Hello beautiful people. This is my last post. I've decided to choose life and living and being alive instead of just existing. Thank you for all your comments - all the support, all the anonymous people who often said what I couldn't and all my followers. Knowing that I wasn't alone probably saved me. I wish you all the very best - we deserve happiness and love, but until we realise that, we'll never be free from the sadness and the loneliness and the desire simply to disappear.
As always with love, Daisy xoxo

Friday, 1 October 2010

Sometimes, I think this is all just an illusion. Layers and layers of self-deception, the lies of others that we happily accept, the impossible dreams we chase, the lies we tell others desperate to believe in the happy ending. Today I saw the ex-boyfriend and I felt nothing until I remembered how quickly he told me he loved and how much I wanted to believe him. I did. And then I remembered how quickly it was over. And how quickly he replaced with a new, more beautiful, skinnier girlfriend. I wonder if he tells her he loves her. Or whether he thinks about me when he fucks her. Does he fuck her the way he did me? The violence I loved. Does she make him hurt her too?
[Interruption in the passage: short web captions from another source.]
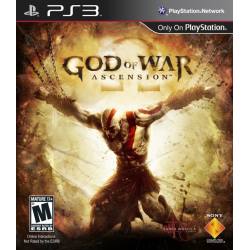 کاور بازی God of War: Ascension برای PS3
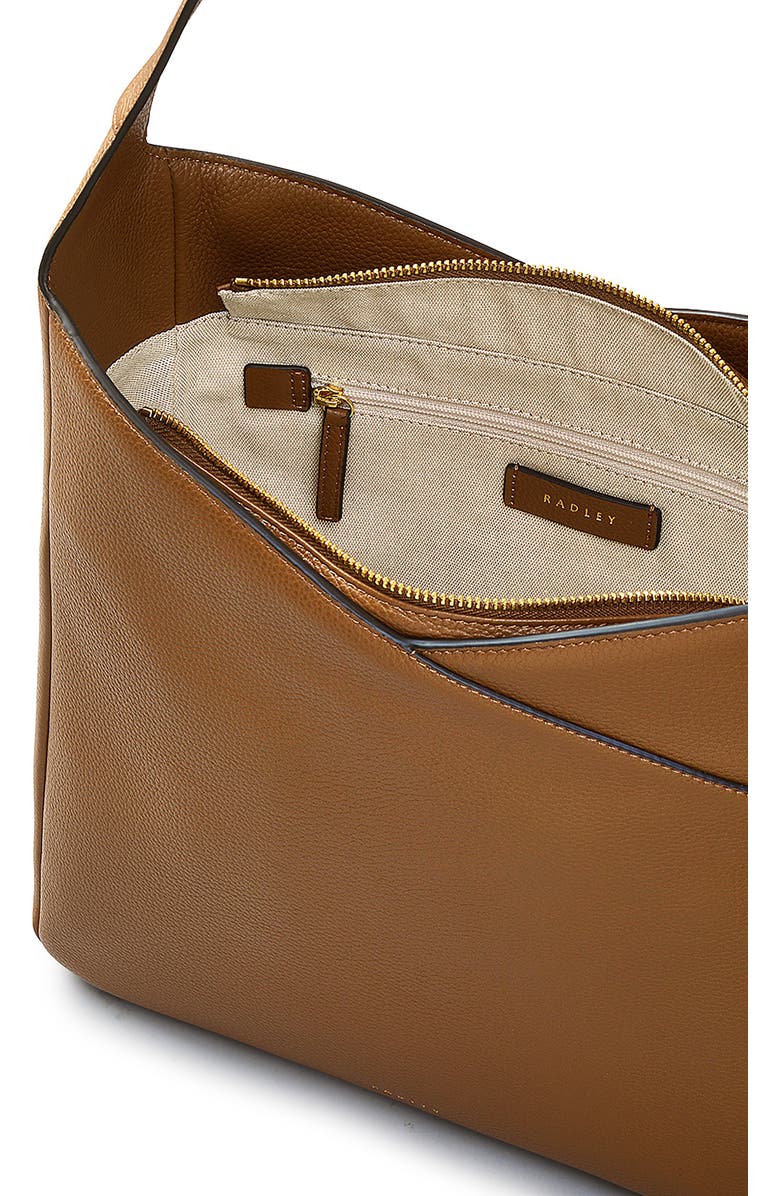 Radley Alpha Road Medium Top Zip Shoulder Bag, Alternate, color, Milka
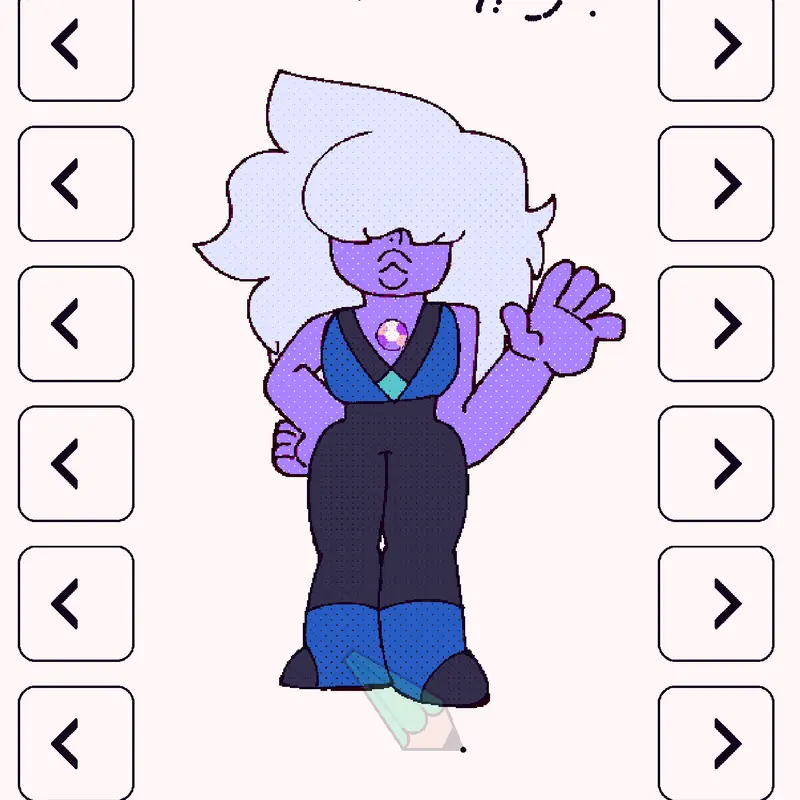 Steven Universe Gem Maker by @vic143286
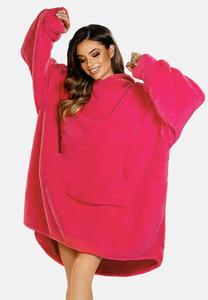 Халат Vivisence, неоново-розовый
Does he tell her it's the best sex he's ever had too? When he looks at her body is he grateful he dumped me? Does she love him the way I did?
And I think it's all a lie. The lies we tell each other because we want to pretend that we're in love, that we're loved, that we're real, that we matter. And truly we don't. The realisation that you're utterly replacable is heart breaking. I want to cling to some memory of him but everything seems so tarnished and fake and transitory. I want to believe I was loved but I can't. And I want to so badly.